Only myself. I don’t believe I have hordes of adoring fans out there who are waiting with baited breath each week, wondering, hoping, that this will be the day that Sarah Bourne releases another fascinating blog post. No, it is only myself who is let down. I am lazy, incompetent, have nothing to say…the list goes on.

After my Writers Group the other day, I had a conversation with one of the members. She was asking me (!) about using Social Media as a marketing tool.

“Do I need to blog? What about Facebook? And Twitter? Instagram?”

“Oh, yes,” I said, “All very important. You have to build your brand, get your name out there. It’s not just about selling your book, it’s about letting the reader, or potential reader, get to know you as a person so they want to read what you’ve written.” Thats the theory, anyway, so I’m told.

“Oh, I must get around to it then. I have a long list of topics I want to blog about.”

Lucky you, I thought. I have no idea what to write most of the time, and if I do, I don’t get round to it. I think no-one will want to read it, or it will be so boring I’ll fall asleep while I’m writing it.

The thing is, I love writing. On the days when I know I have uninterrupted writing time, I leap out of bed with a song in my heart and a spring in my step. (Okay, writers shouldn’t succumb to cliches, but that is honestly how I feel, and why reinvent the wheel?) My fingers itch to get to the keyboard, and sometimes, although not always, the words flow and all is right in the world.

The Writers Group decided this year to put out a little book for Christmas. We would all write a piece about a memorable meal we’d had, somewhere, some time. Everybody else wrote a memory, mostly about a terrible meal they’d endured in an exotic location. Now, I’ve been to my fair share of exotic locations, and eaten meals of varying quality with tropical seas lapping at my toes, or magnificent sunsets dazzling my eyes.
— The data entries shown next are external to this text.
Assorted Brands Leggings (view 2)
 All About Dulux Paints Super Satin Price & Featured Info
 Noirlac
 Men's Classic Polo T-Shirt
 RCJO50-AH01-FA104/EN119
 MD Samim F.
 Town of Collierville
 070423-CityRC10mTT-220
But every time I tried to write about one of them, it was flat, didn’t zing off the page at all.

I am writing a novel based in and just after the Second World War at the moment. Aha! Rationing, I thought. And how women used to get together and support each other while their husbands, brothers, fathers were away. As soon as I freed myself from the confines of having to write a ‘true’ story (or a strongly embellished true story), the words came. And the added bonus is that it is now a scene in the novel.

So what do I take from this? For today, and I reserve the right to change my mind, it is this:

I write fiction. I do not naturally lean towards writing from my own life, although, of course, there is some of that in fiction. Heavily disguised. So distant from the source as to be unattributable and unrecognisable. I like to make things up. I’ve lived my life once, I don’t feel the need or the desire to rehash it. So, fiction it is.

Today is Thursday, my alert went off, and I have written a blog post. I also have an author Facebook page, a twitter account, Instagram. (One day, I’ll learn to link them all).

Have a good week or month or whatever, until we meet again. Oh, and just in case, Enjoy the Festive Season, however you celebrate it.